Material shown START

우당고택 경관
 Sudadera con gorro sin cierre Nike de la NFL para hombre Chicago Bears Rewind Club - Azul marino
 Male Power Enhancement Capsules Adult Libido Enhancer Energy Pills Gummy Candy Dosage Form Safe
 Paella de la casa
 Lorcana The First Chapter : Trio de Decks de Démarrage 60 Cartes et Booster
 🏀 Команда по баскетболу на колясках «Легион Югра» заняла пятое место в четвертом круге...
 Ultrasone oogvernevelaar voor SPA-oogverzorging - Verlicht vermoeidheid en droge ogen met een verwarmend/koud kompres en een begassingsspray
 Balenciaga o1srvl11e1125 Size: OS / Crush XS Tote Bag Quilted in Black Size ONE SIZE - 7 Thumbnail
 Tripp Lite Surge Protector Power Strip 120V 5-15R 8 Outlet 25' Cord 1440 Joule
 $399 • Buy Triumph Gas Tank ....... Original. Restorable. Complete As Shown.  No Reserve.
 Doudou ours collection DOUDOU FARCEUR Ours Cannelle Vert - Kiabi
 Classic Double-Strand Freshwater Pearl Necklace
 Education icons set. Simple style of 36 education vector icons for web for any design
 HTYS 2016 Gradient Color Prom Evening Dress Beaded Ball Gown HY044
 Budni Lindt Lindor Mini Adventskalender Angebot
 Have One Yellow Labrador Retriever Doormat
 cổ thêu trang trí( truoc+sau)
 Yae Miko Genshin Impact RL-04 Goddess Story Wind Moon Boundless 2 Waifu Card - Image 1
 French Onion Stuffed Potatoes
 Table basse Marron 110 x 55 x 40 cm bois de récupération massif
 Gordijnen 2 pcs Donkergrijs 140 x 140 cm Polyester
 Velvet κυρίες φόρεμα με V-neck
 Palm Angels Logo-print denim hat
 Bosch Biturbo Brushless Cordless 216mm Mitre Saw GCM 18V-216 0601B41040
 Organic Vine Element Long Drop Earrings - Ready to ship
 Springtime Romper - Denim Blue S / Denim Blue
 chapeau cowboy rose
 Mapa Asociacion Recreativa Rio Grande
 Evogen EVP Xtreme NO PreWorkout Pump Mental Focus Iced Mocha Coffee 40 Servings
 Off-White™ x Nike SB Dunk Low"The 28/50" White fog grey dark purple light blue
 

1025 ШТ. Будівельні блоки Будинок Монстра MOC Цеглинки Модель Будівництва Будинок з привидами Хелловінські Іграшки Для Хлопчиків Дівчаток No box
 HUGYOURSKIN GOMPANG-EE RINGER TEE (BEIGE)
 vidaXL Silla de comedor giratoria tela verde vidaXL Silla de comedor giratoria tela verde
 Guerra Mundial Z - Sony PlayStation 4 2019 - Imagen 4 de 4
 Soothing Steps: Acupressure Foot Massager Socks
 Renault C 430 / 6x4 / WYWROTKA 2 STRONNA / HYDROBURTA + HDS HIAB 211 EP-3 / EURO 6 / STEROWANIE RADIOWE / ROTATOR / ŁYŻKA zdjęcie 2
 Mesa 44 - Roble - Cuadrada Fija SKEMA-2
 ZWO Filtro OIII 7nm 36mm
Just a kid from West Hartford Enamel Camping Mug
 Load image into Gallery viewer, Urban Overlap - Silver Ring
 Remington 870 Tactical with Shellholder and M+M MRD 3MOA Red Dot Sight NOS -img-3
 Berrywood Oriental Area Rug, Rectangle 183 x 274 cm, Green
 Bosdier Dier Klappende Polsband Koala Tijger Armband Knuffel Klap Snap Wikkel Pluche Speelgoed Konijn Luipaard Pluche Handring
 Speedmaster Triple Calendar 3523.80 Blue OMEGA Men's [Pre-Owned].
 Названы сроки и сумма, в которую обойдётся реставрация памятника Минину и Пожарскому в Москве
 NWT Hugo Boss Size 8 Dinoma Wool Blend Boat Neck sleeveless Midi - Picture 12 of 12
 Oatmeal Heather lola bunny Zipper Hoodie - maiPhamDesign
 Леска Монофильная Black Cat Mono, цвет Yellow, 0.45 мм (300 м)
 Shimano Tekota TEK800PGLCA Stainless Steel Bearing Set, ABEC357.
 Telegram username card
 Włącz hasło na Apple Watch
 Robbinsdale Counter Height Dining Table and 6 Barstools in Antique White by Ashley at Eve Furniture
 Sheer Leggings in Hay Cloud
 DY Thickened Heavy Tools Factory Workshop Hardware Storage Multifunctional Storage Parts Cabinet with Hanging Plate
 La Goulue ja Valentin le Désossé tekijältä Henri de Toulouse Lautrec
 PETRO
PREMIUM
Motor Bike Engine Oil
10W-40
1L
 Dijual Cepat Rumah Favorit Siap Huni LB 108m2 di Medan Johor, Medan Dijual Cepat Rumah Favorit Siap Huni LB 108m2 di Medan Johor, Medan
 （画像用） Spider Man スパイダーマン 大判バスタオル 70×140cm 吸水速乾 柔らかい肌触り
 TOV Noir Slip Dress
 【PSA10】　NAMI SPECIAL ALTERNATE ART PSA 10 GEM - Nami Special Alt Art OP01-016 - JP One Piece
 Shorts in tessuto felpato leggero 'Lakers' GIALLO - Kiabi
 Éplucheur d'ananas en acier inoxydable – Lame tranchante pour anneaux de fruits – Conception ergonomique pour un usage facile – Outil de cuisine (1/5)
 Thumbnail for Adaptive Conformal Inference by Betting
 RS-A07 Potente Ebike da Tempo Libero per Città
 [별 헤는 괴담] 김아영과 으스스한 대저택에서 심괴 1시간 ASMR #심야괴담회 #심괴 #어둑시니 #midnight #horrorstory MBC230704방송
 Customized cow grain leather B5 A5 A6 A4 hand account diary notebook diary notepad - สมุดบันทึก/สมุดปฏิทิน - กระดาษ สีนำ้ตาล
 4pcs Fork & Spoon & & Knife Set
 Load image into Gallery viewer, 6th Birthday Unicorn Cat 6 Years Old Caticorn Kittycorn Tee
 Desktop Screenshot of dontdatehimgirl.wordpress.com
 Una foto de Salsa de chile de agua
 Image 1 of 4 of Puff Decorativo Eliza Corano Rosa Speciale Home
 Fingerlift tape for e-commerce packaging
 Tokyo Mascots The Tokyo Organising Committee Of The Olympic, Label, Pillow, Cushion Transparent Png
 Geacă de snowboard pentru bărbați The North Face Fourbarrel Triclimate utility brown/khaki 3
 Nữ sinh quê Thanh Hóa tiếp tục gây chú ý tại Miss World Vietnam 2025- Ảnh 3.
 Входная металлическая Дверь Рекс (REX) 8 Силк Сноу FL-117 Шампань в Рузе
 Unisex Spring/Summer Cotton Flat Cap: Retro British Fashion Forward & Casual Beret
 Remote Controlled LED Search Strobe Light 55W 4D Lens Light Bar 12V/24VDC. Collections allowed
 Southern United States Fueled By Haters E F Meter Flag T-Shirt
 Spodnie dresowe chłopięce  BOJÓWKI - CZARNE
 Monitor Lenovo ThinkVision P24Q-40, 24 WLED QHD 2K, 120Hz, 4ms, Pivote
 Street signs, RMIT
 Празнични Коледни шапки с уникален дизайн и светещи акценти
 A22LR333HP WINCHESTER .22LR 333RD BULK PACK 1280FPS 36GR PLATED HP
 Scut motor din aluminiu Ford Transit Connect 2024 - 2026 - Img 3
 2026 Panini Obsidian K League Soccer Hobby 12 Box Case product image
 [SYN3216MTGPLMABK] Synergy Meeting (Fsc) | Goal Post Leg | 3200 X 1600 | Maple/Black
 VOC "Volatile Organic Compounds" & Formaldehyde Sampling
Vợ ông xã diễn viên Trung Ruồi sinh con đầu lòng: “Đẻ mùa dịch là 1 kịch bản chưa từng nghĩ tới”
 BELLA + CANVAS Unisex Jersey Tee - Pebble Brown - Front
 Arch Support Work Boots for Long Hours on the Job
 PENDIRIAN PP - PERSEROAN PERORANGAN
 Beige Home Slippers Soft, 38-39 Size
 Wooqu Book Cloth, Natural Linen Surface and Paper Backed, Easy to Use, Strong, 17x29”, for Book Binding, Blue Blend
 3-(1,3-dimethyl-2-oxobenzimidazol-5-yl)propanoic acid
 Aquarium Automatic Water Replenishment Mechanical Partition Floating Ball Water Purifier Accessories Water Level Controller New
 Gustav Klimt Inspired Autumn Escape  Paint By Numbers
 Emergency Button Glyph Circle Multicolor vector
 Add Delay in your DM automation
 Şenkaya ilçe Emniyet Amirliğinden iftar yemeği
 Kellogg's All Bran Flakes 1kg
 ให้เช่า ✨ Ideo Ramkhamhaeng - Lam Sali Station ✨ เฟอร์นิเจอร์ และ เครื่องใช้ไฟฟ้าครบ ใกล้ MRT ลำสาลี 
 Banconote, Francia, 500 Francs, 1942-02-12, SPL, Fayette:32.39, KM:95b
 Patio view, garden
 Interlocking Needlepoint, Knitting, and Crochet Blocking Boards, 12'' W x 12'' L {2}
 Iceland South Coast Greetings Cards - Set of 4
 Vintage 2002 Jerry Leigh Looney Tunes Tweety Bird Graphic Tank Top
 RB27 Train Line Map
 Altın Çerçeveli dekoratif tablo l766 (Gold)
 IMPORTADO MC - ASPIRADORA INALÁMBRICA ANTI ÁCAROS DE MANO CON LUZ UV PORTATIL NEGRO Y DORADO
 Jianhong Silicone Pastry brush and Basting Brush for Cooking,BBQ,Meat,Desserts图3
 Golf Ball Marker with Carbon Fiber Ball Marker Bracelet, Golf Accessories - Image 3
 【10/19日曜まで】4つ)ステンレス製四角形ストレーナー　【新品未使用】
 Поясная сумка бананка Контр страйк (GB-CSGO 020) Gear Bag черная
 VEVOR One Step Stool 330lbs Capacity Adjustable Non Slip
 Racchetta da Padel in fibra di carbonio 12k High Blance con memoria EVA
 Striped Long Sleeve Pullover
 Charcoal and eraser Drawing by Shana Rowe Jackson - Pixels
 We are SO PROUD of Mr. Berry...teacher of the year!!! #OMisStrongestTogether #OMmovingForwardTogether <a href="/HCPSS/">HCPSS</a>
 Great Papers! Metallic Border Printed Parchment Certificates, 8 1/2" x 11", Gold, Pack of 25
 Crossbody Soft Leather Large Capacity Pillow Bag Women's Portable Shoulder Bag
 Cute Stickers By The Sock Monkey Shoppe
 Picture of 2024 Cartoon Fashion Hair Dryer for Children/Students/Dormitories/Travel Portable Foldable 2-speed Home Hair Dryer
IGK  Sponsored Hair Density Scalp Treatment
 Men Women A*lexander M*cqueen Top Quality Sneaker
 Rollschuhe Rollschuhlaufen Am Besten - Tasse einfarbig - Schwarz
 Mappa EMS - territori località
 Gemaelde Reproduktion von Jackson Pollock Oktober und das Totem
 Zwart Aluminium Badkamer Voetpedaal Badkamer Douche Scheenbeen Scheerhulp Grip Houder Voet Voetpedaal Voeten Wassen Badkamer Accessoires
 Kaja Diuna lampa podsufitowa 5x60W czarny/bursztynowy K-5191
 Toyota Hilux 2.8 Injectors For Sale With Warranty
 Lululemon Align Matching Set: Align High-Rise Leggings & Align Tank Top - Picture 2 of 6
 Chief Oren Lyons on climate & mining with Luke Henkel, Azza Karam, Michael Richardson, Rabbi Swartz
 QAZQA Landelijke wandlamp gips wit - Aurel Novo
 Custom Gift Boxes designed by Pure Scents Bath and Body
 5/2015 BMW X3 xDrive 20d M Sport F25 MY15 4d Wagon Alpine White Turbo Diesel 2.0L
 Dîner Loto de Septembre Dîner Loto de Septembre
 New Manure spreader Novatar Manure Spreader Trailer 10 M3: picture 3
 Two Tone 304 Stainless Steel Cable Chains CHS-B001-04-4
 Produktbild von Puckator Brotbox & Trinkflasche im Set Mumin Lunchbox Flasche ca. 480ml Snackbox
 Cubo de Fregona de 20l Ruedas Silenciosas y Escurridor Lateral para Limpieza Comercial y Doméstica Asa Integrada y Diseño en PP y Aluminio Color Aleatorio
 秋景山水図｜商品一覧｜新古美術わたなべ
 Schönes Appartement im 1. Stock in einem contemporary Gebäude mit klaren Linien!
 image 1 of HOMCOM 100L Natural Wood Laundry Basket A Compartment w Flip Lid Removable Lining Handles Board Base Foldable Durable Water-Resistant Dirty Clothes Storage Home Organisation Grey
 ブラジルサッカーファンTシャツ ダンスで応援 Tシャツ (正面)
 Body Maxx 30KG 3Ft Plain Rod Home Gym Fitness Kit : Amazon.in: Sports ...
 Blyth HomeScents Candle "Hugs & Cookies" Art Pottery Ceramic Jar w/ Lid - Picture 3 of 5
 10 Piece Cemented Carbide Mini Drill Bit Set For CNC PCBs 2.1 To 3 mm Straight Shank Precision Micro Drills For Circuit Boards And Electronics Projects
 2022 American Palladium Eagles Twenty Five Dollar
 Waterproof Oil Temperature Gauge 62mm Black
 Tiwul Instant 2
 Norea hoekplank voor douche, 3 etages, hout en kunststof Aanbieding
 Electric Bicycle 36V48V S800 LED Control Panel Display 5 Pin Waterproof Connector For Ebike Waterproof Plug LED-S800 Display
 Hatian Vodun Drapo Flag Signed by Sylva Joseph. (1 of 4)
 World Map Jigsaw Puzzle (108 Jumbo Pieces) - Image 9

Material shown END

Among the lines above, repeat exactly those from the line with "[별 헤는 괴담] 김아영과" to the line with "Fingerlift tape for e-commerce packaging", counting both ends.

Final answer:
 [별 헤는 괴담] 김아영과 으스스한 대저택에서 심괴 1시간 ASMR #심야괴담회 #심괴 #어둑시니 #midnight #horrorstory MBC230704방송
 Customized cow grain leather B5 A5 A6 A4 hand account diary notebook diary notepad - สมุดบันทึก/สมุดปฏิทิน - กระดาษ สีนำ้ตาล
 4pcs Fork & Spoon & & Knife Set
 Load image into Gallery viewer, 6th Birthday Unicorn Cat 6 Years Old Caticorn Kittycorn Tee
 Desktop Screenshot of dontdatehimgirl.wordpress.com
 Una foto de Salsa de chile de agua
 Image 1 of 4 of Puff Decorativo Eliza Corano Rosa Speciale Home
 Fingerlift tape for e-commerce packaging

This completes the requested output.